Full Mission Engine Room Simulator

The UNITEST full mission engine room simulator is based on very modern solutions, which are presently used in medium-sized, computer-controlled engine rooms. The engine room simulator can operate with two (2) models of propulsion plants: a medium speed (one four-stroke type main engine with reduction gear and controllable pitch propeller) and a low speed (one two-stroke type main engine with fixed pitch propeller).

The simulator provides a realistic, ship-like environment based on real hardware consoles and high quality 3D presentation. The systems include vital components, such as main engine local and remote control, engine telegraphs, engine room local panels, integrated automation system, etc.

The full mission simulator provides a new approach to navigation through the different systems’ elements, allowing for an easy and quick access to basic engine room operation (valve opening and closing, setting position of switches, push-buttons, etc.).

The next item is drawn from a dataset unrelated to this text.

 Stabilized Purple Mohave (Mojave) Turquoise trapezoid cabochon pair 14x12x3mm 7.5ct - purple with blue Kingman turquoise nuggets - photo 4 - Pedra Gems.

This is possible due to the application of state-of-the art 3D visualisation with zoom function.

The latest development also includes a combination of 3D and 2D diagram presentation, which enables to follow how a certain device really functions and gives a complete picture of its structure.

The presented solutions have improved considerably the level of simulator fidelity in comparison to real machinery. In consequence, it was possible to eliminate the disadvantages of the engine room simulator with typical 2D presentation consisting of a schematic and simplified presentation of machinery systems.

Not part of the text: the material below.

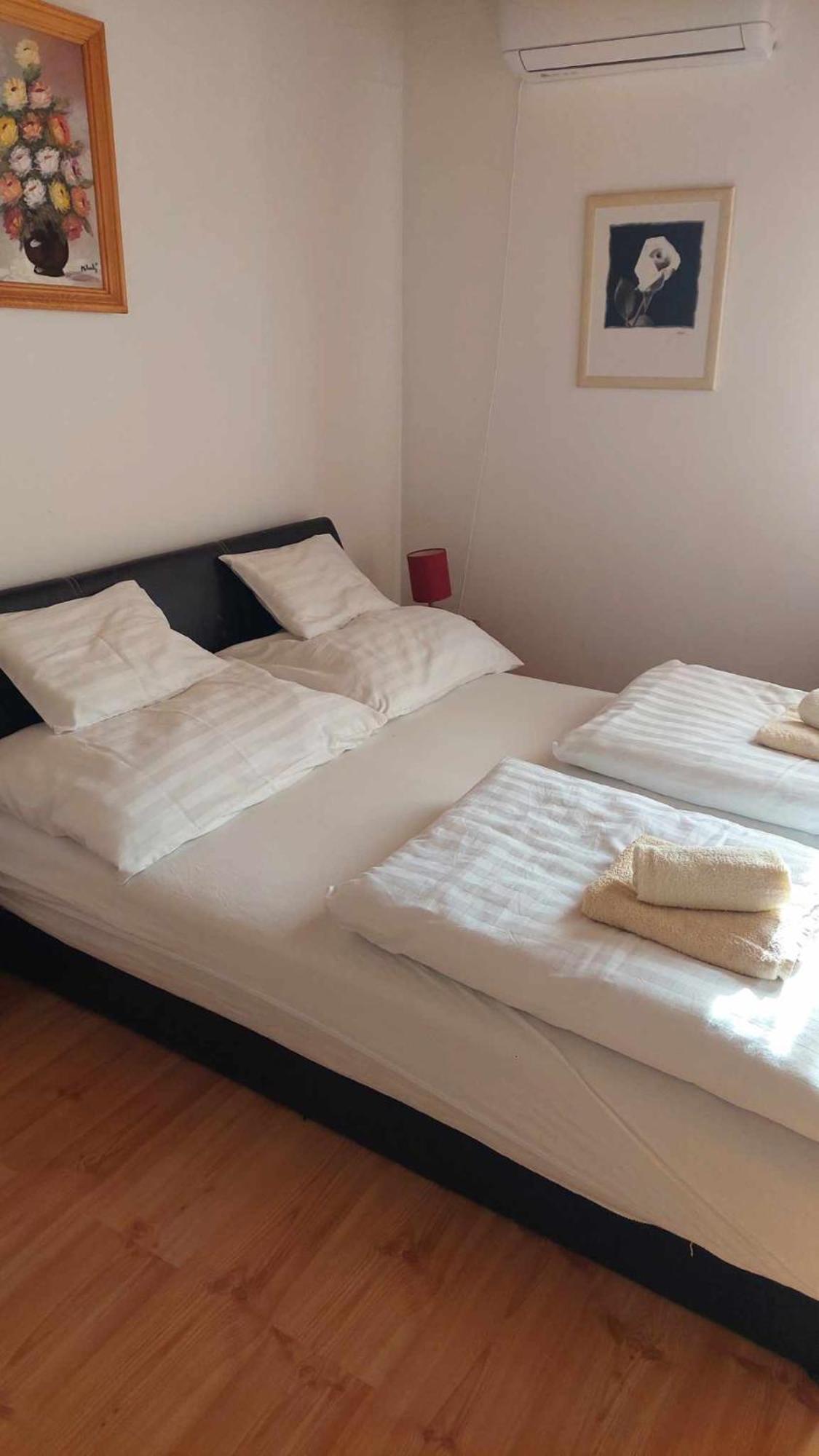 Mediterran Apartman Es Vendeghaz Hajdúszoboszló Exterior foto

This simulator is designated for training students of maritime academies as well as different types of marine vocational training centres. The simulator has universal features and may be used both for training merchant and navy fleet crew.

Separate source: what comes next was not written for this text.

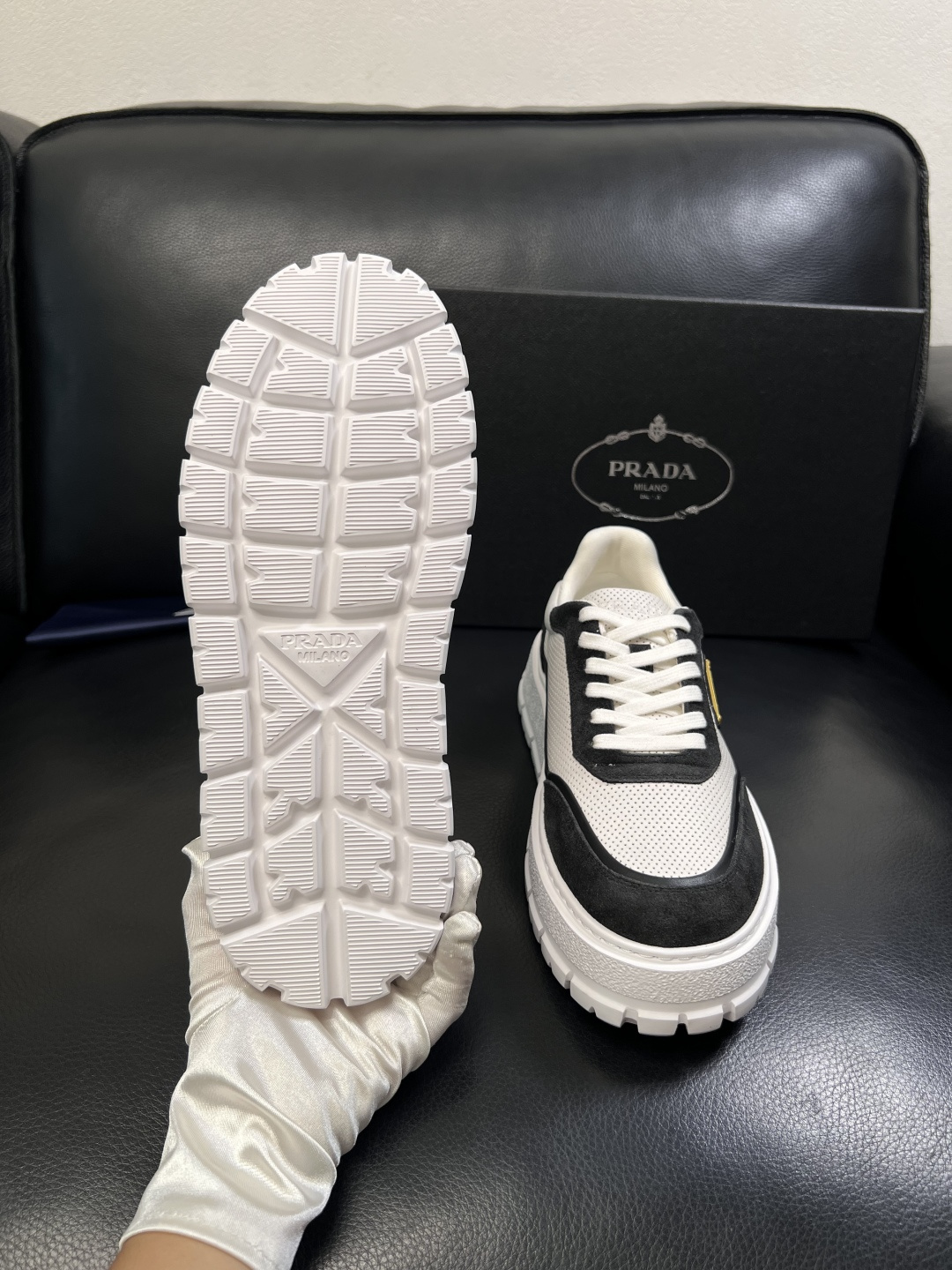 Prada  顶级工艺品，普拉达 专柜同步，原厂配置意大利进口牛皮面料，进口牛皮内里垫，透气舒适，鞋底：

The main purpose of the MED3DH simulator is the practical preparation of the trainee for engine room operation, in particular:
  • familiarization with the basic engine room installation (compressed air system, fresh and sea water cooling system, lubricating, fuel oil system, etc.), especially taking into account training on the base of modern, computer-controlled engine room;
  • acknowledgment with main engine and auxiliary equipment exploitation procedures;
  • propulsion system manoeuvring (main engine – reduction gear – CPP).

The full mission simulator has been equipped with hardware consoles and panels that enable the operation and control of main engines, gear, CPP, auxiliary machinery and electric systems.

The simulator consists of three (3) main elements:
  • Engine Control Room (ECR) with main engine control console and main electric switchboard,
  • Engine Room with two (2) PC projectors and control console for 3D visualization combined with diagram presentation,
  • Instructor Room.

The main engine’s starting and stopping procedure is effectuated on hardware type control consoles and Electric Switchboard panels.

The basic operation with auxiliary sub-systems is performed by clicking on the PC screen, just as on a real modern ship. Diagrams related to specific installations, like fuel oil, compressed air system, cooling system, lubricating system, steam system, etc., are presented on the PC screen. For security reasons, the Engine Control Room is equipped with two (2) identical PCs with monitors. In case of one PC failure, the second one takes over the systems’ control automatically. On the screen and with just one mouse click, it is possible to start and stop the pumps, compressors as well as open and close the valves which are remotely controlled.

All operating procedures which are necessary to perform in engine rooms (outside of Engine Control Room) are effectuated in a separate room equipped with two (2) projected screens.
One screen presents the engine room elements is 3D visualization and another one in form of a diagram related to specific and selected compartments of engine rooms, for example auxiliary generators’ room, emergency generator’s room, compressed system room, etc. The selection of engine room’s elements, that are important from exploitation point of view, is performed by zoom function.